The decomposition of convective weather into distinct characteristics, such as spatial extent, intensity, movement, and duration, represents a valuable direction for future research. Analysing the individual and combined effects of these factors could provide a more detailed understanding of how different convective phenomena influence air traffic complexity. Such an approach would also support the development of more refined and computationally efficient complexity indicators.

Future research should assess the environmental impact of STAM measures, particularly in terms of changes in fuel burn, emissions, and flight efficiency resulting from rerouting or level-capping strategies. Integrating environmental performance metrics into STAM evaluation frameworks would support more sustainable decision-making alongside capacity and complexity considerations.

Future research should focus on extending the proposed methodology toward a more comprehensive optimisation framework. One important direction concerns the sequencing of STAMs, as different application orders may lead to different complexity reduction outcomes even when the same set of measures is applied. Addressing this aspect would require an optimisation approach capable of capturing interaction effects between consecutive STAMs under dynamic convective weather conditions. In parallel, further work should explore alternative methods for assessing individual aircraft contributions to complexity that go beyond the leave-one-out approximation. While the leave-one-out approach provides a transparent and computationally efficient estimate of the impact, more advanced multivariate metrics could better capture nonlinear interaction effects in dense traffic situations.

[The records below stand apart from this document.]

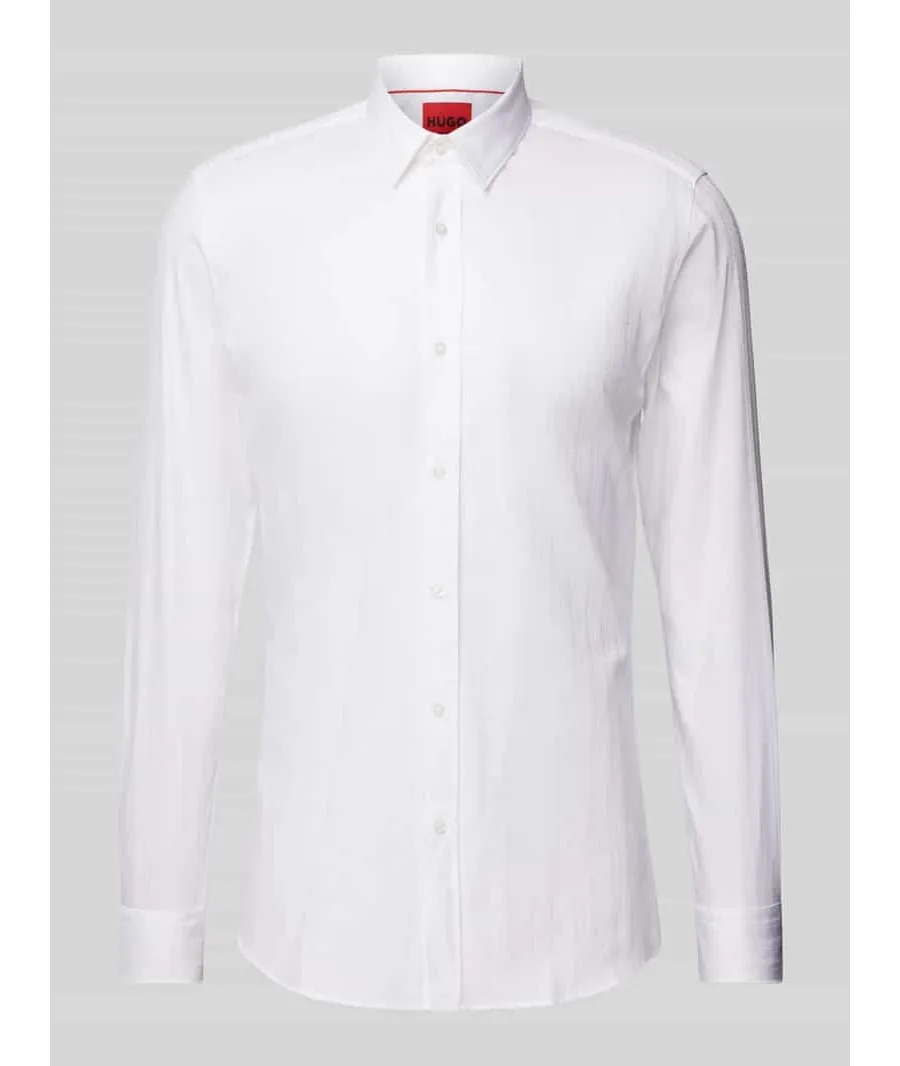 obrazek 1 Koszula biznesowa o kroju slim fit z fakturowanym wzorem model ‘Elisha’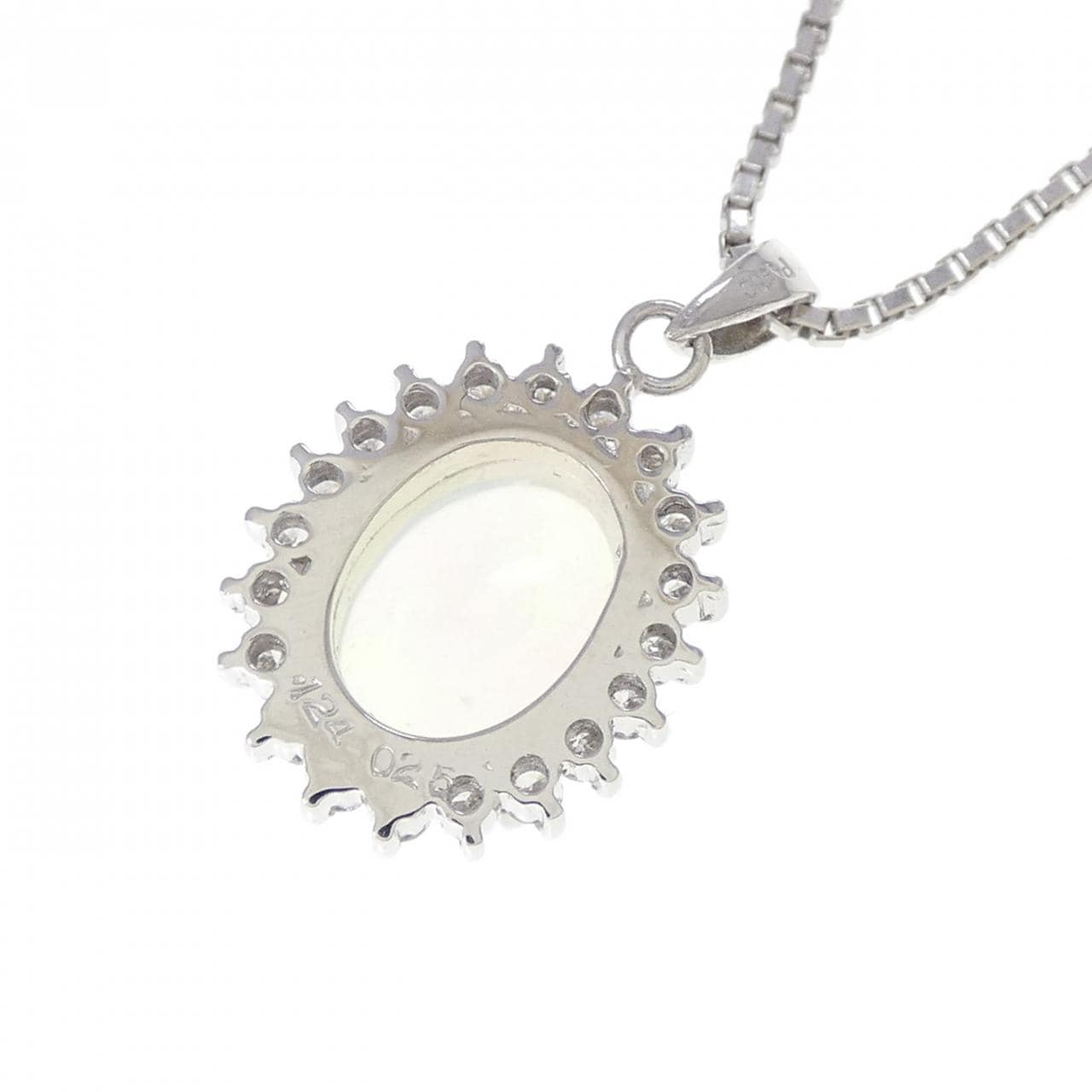 PT900/PT850 合成オパール ネックレス 1.24CT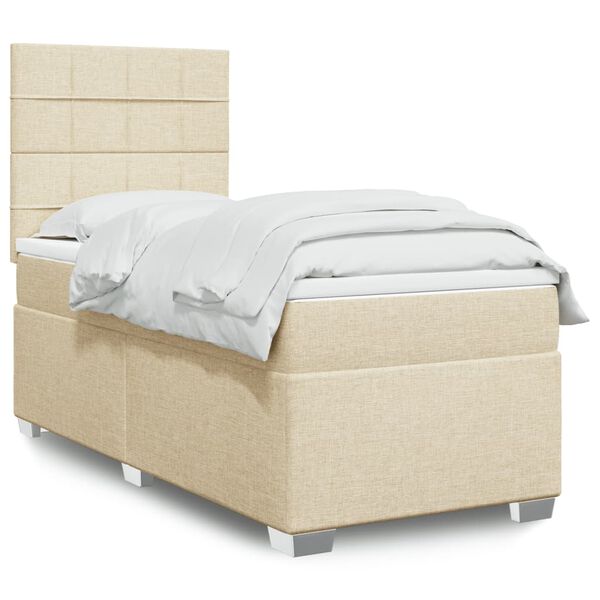 vidaXL &Kappa;&rho;&epsilon;&beta;ά&tau;&iota; Boxspring &mu;&epsilon; &Sigma;&tau;&rho;ώ&mu;&alpha; &Kappa;&rho;&epsilon;&mu; 100 x 200 &epsilon;&kappa;. &Upsilon;&phi;&alpha;&sigma;&mu;ά&tau;&iota;&nu;&omicron;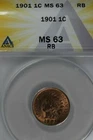 1901  .01   ANACS   MS 63 RB   Indian Head Cent, Indian Small Cent, One Cent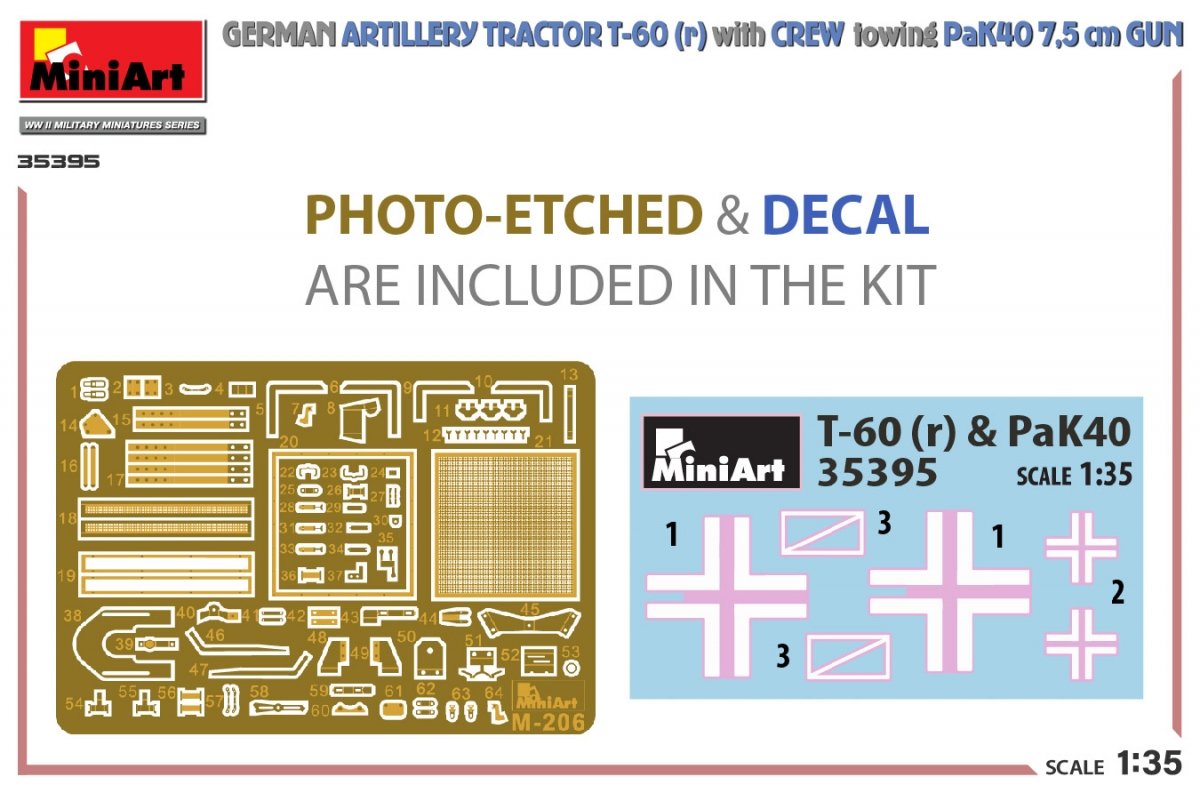 MiniArt 35395 GERMAN ARTILLERY TRACTOR T-60(r) &amp;amp; CREW Towing PaK40 GUN 1/35 – zdjęcie 2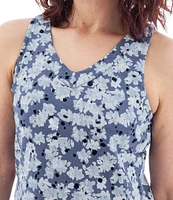 Aventura Kennex Floral Organic Cotton Slub Knit V-Neck Princess Seam A-Line Dress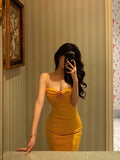 Niulatu Sheath Spaghetti Straps Yellow Flower Prom Dresses Birthday Outfits Evening Gown SD791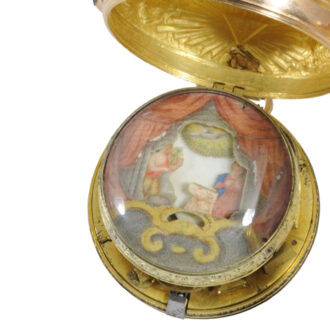 Swiss 18K gold repoussé verge with automaton scene Circa 1700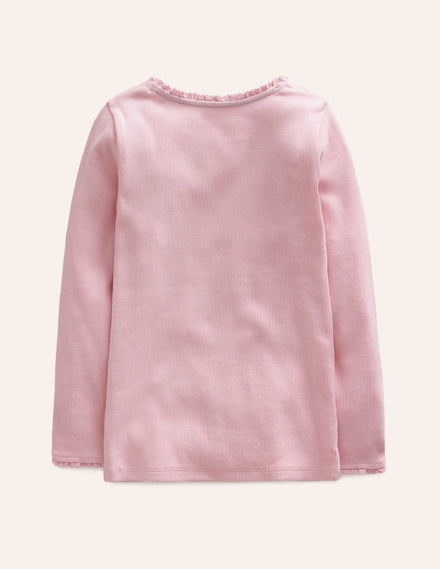 Ribbed Long Sleeve T-Shirt-French Pink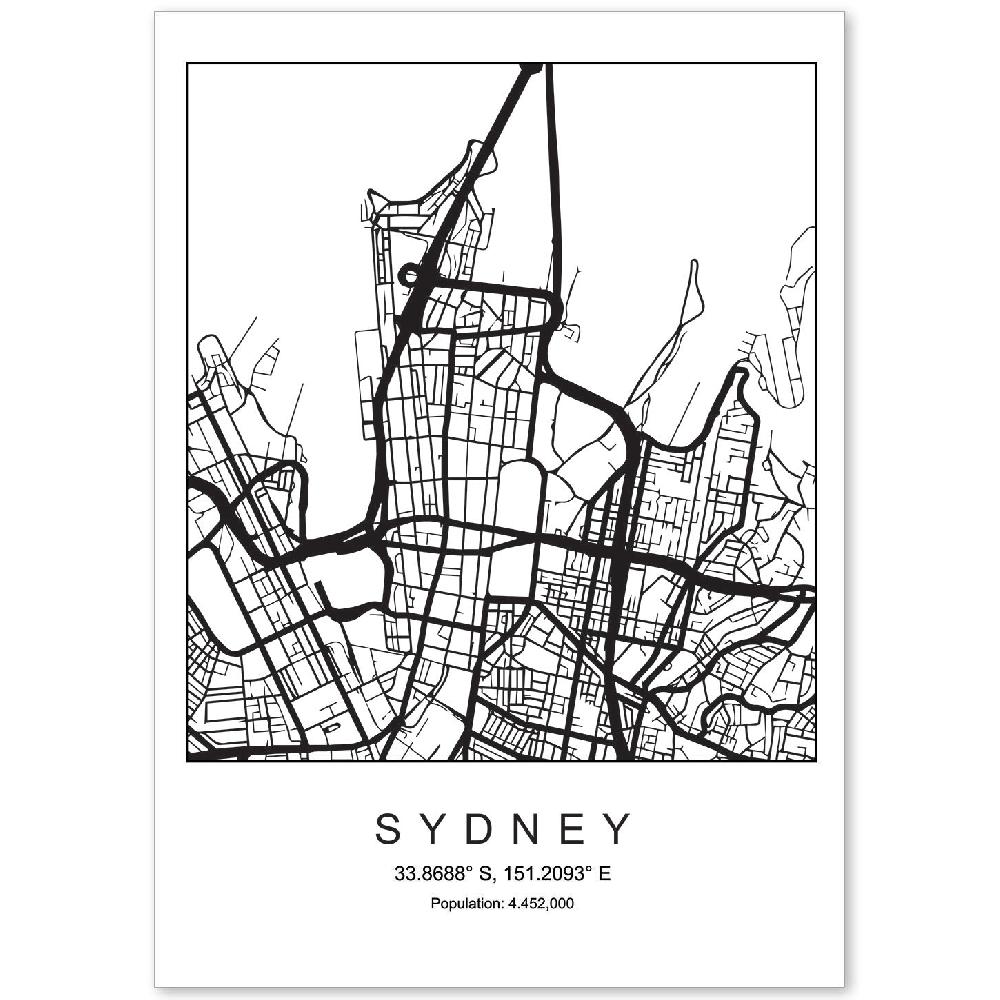 nacnic Lámina Estilo Nórdico Mapa de Sydney en Blanco y Negro
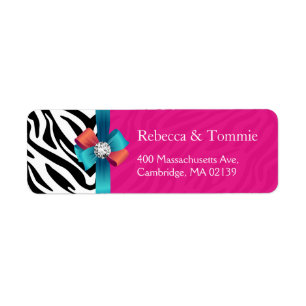 Stilvolle Ribbon Bow Hot Pink Zebra Print
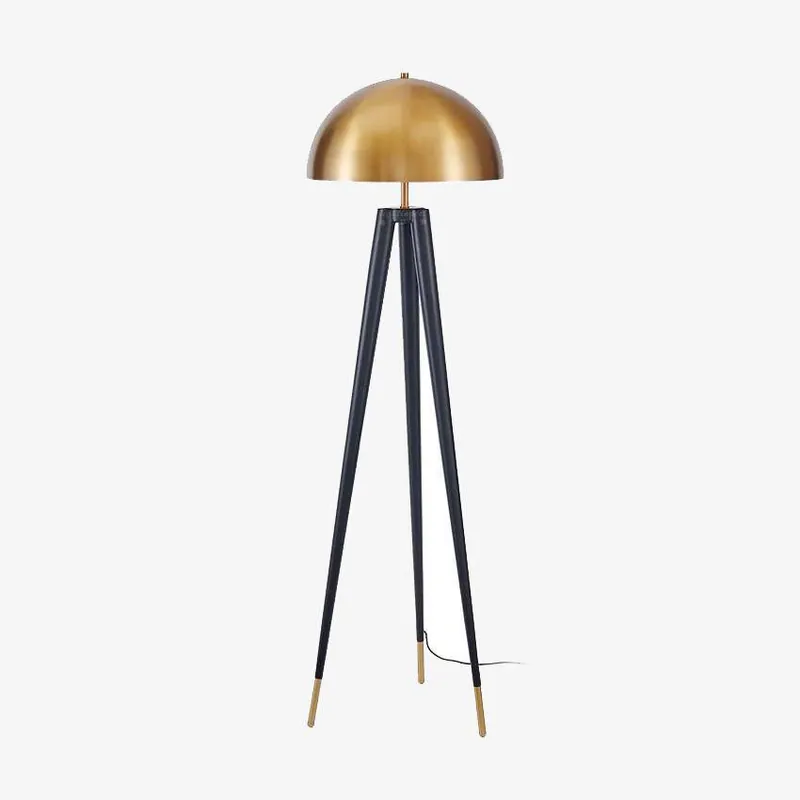Lampadaire Triple Pied Doré Brillant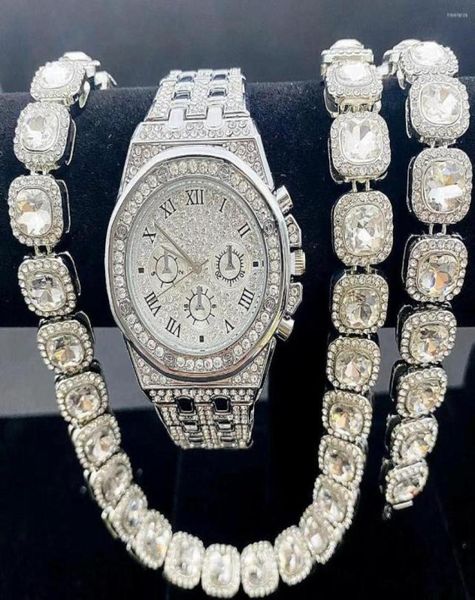 

chains 3pcs iced out watch bracelet necklaces for men fashion gold luxury diamond cubana bling jewelry watches2302225, Silver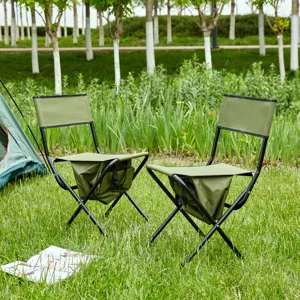 Folding Outdoor Chairs With Storage Bag, Portable Chair For Indoor, Outdoor Camping, Picnics And Fis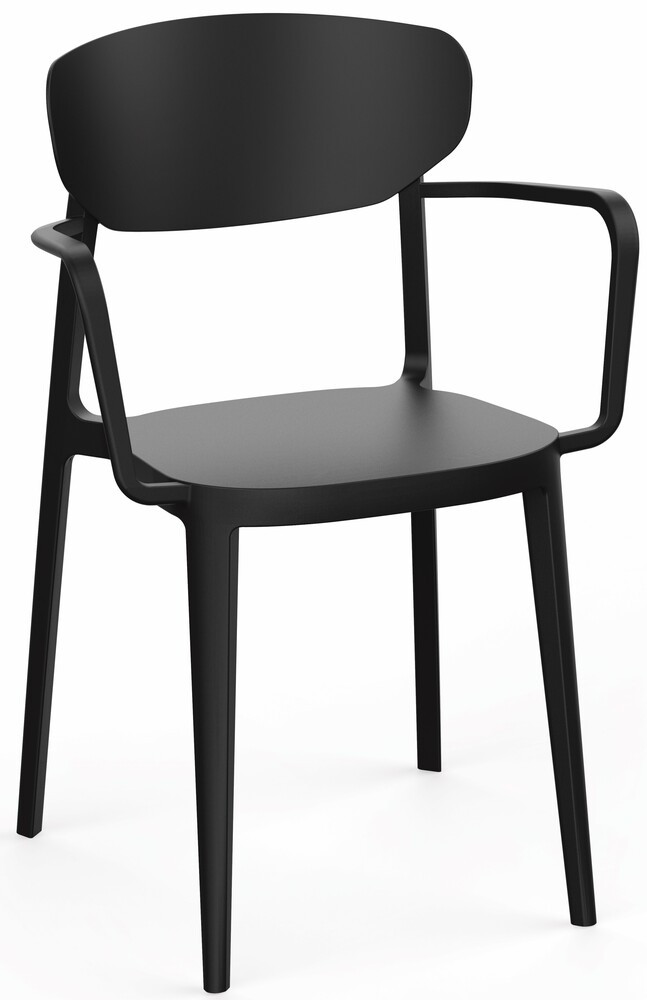 Rojaplast MARE műanyag kartámaszos kerti szék - fekete (RP)
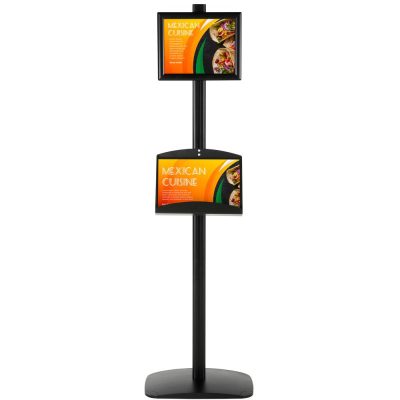 free-standing-stand-in-black-color-with-1-x-8.5x11-frame-in-portrait-and-landscape-and-2-x-5.5x8.5-steel-shelf-single-sided-4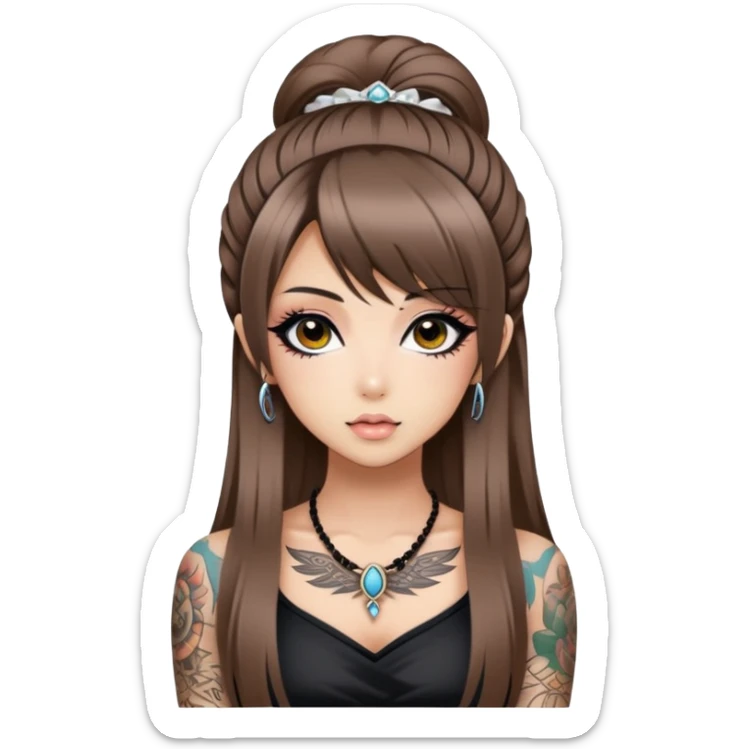 hime gyaru girl, long straight brunette hair, tattoos, dark makeup,  sticker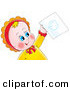 Clip Art of a Happy and Cute Blue Eyed Baby Holding up a Hand Print on a Piece of Paper by Alex Bannykh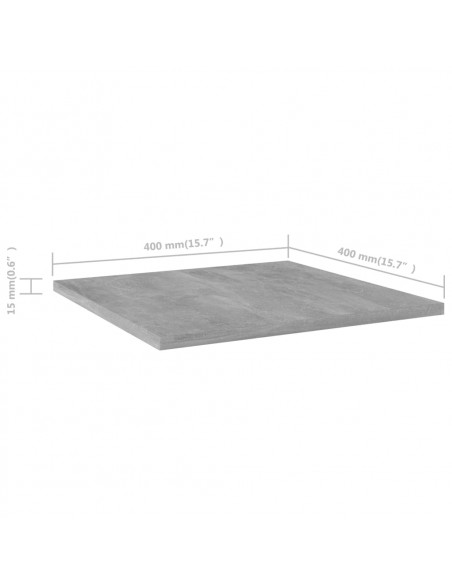 Ripiani per Libreria 4pz Grigio Cemento 40x40x1,5cm Multistrato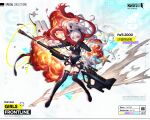  1girl artist_request austrian_flag bangs beach belt black_bodysuit black_gloves black_thighhighs blush bodysuit breasts character_name chinese_text closed_mouth copyright_name english_text fingerless_gloves full_body garter_straps girls&#039;_frontline gloves gun hair_ornament hairclip highres holding holding_clothes holding_gun holding_scarf holding_weapon iws_2000_(girls&#039;_frontline) long_hair long_sleeves looking_at_viewer medium_breasts official_alternate_costume official_art promotional_art red_eyes red_scarf sand scarf serious simple_background solo standing steyr_iws_2000 thigh_pouch thighhighs torn_clothes torn_scarf weapon white_belt white_hair 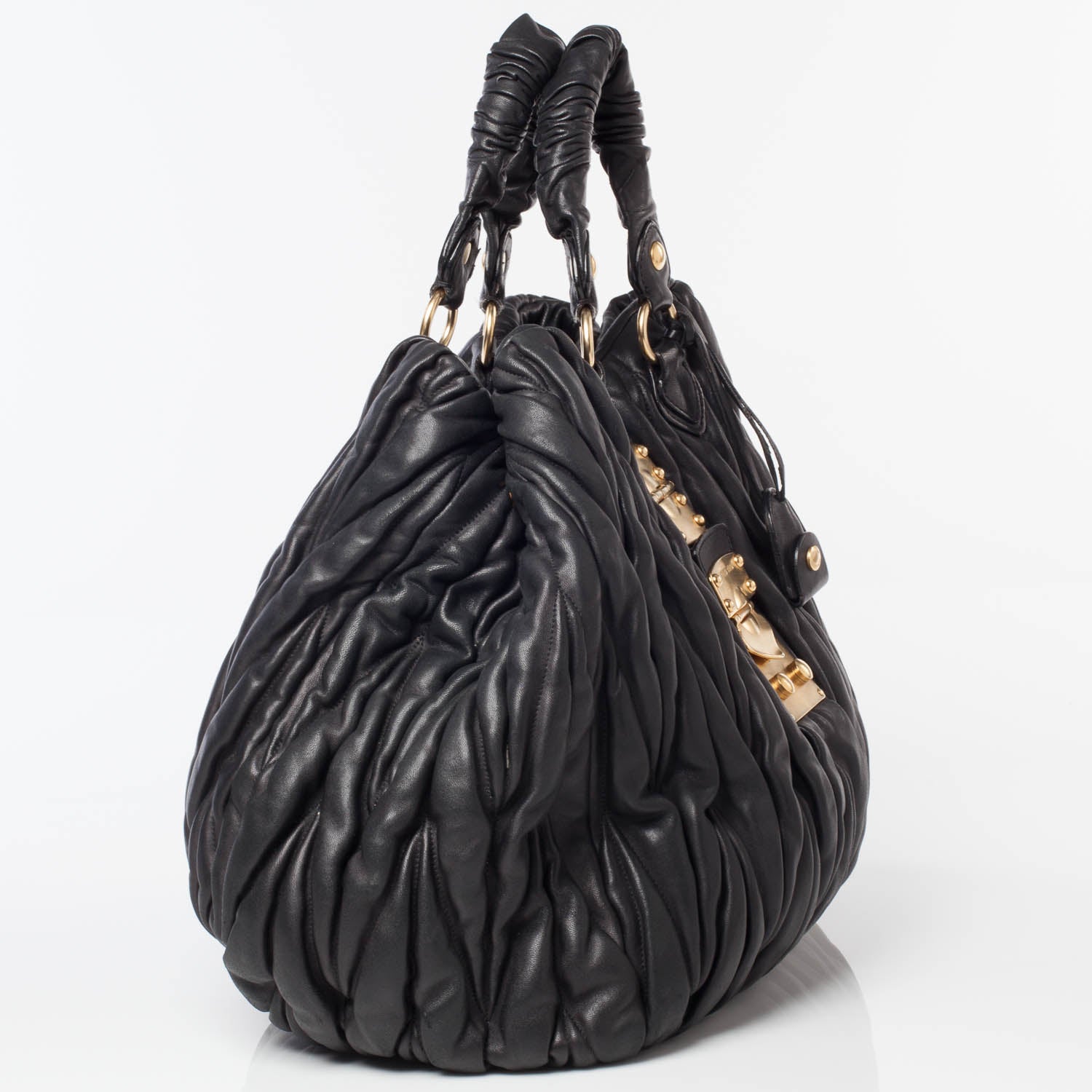 Miu Miu Leather Matelasse Tote Black 3 of 9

Integrating these extensions would improve the representativeness of STAMs and further align the methodology with FMP decision-making while preserving operational interpretability.

In conclusion, the integration of the proposed method can improve the efficiency, safety, and sustainability of ATM. The proposed method provides a foundation for further research, intending to improve sector capacity, reduce delays, and optimise the use of airspace resources.